The unfinished novel was edited and published after Wallace committed suicide in 2008. And the IRS' own story of modernization remains a sometimes painful work in progress.

The agency spends $2.5 billion annually on IT across more than 20 major systems, yet it still relies on a central data processing setup that went online in the 1960s to keep its revenue-collecting cogs turning.

The problems are manifold: not enough money, political pressure, technical constraints, a lack of skilled tech professionals and the tax code itself.

"We've got more IT challenges than you can shake a stick at," IRS Commissioner John Koskinen said. He has asked for more money, and he's hopeful he can push legislation to save the IT employees he'll soon otherwise lose. But the code itself continues to knot up his plans.

What taxpayers see — and what they don't

The IRS faces technology challenges on two fairly obvious fronts: external and internal.

The agency's public-facing technology operates fairly well, with the exception of telephone support. About 80 percent of taxpayers file returns electronically, and although occasional hardware failures might throw a wrench into the system, they haven't seriously hindered the processing of more than 150 million personal tax returns each year.

"We've already made great strides," Koskinen said. "Fifteen years ago, if you'd said 85 percent of people were going to file electronically, people would say, 'Well, that'll never happen. They don't even have the systems to do that.'"

Ancillary tools such as "Get Transcript" and "Where's My Refund?" have been among the government's most popular web offerings. "Get Transcript" was popular with cyber thieves, too. Hackers easily breached the system's knowledge-based security screen in 2015 and compromised more than 700,000 taxpayer accounts. The IRS had to shut down the service but plans to revive it with new security features at some point.

The systems that keep the IRS humming internally seem to be the bigger issue. The agency still relies on the Individual Master File, which started operating in the early 1960s, for its central data processing needs. The Customer Account Data Engine was supposed to swap current database technology for IMF's magnetic tape, but the push to replace IMF has slowed to a crawl.

In 2008, Richard Spires, then-deputy commissioner for operations support at the IRS, touted CADE's ability to process 15 million taxpayer returns and said, "This system is the centerpiece of our modernization efforts at the IRS."

However, CADE never fully replaced IMF. It was sort of rolled into CADE-2, a follow-on project that was at one point slated to be completed by June 2013. It's still not done, and the IRS continues to rely on IMF's magnetic tape to process and store taxpayer data.

"We do have mainframes, whether you like it or not," said Nitin Naik, the IRS' technical director for strategic planning.

It ain't broke but needs fixing

The back-end work is a tangled slog. Nearly a decade after kicking off  its Tax Systems Modernization effort, IRS officials had to admit in 1997 that they had spent $4 billion on computer systems that "do not work in the real world."

Charles Rossotti was brought in from the private sector that year to shake things up, and during his tenure as IRS commissioner, he championed Business Systems Modernization.
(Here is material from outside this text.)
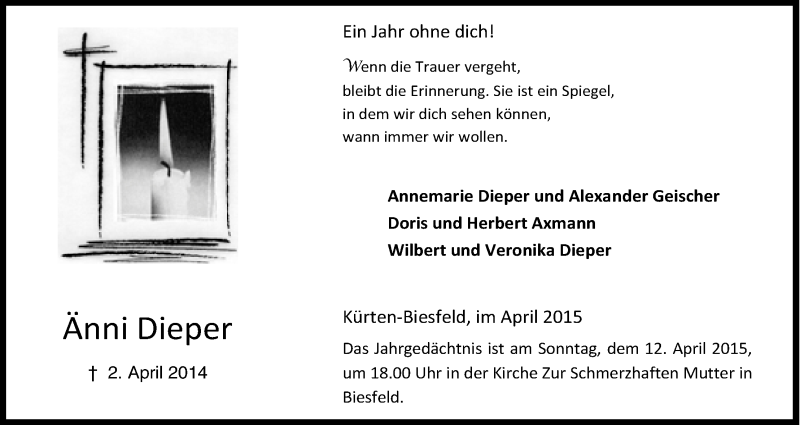  Traueranzeige für Änni Dieper vom 04.04.2015 aus Kölner Stadt-Anzeiger / Kölnische Rundschau / Express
But although that initiative helped power a reorganization at the IRS, it was beset by delays, cost overruns and failures to effectively coordinate between contractor CSC and the IRS bureaucracy.

And so the agency is still, in 2016, using 1960s technology. It's a workforce problem as much as it is an IT challenge.

"It's not broken," Naik said of IMF. "It's just…difficult to maintain. Congress keeps changing legislation, altering rules, then you have to go back in, program it, make sure it works."

All that programming in the old assembler language Cobol helps keep the IRS tied to IMF. "We have to train our own people" in the old programming language, which certainly doesn't help the agency operate nimbly, Naik said.

Taxpayer data has been transferred to modern data storage platforms through CADE-2. But the agency still depends on the logic and processes coded into IMF, all linked to the Byzantine interplay of the tax code.

Complexity breeds complexity

Web-based interfaces such as "Get Transcript" don't fit easily into the IRS' mainframe setup.

IMF's designers "never really thought you'd have people extracting data on a one-off basis," said Tom Romeo, president of IRS contractor Maximus Federal Services. "Their underlying systems were not written to support that kind of access."

Instead, IMF was designed with mass-intake capacity in mind. In the modern era, IRS and contractor employees have to code workarounds to help IMF link to outside systems and enable the rapid pull of individual taxpayer files for systems such as "Get Transcript."

For the foreseeable future, the approach is to slowly keep adding to CADE-2's capabilities in an attempt to wean the IRS off IMF. The Treasury Department has a target completion date of 2022, though the caveats are crucial: Treasury does not assert that CADE-2 will completely replace IMF, two of CADE-2's component projects are behind schedule, and officials such as Naik are reluctant to commit to a hard deadline.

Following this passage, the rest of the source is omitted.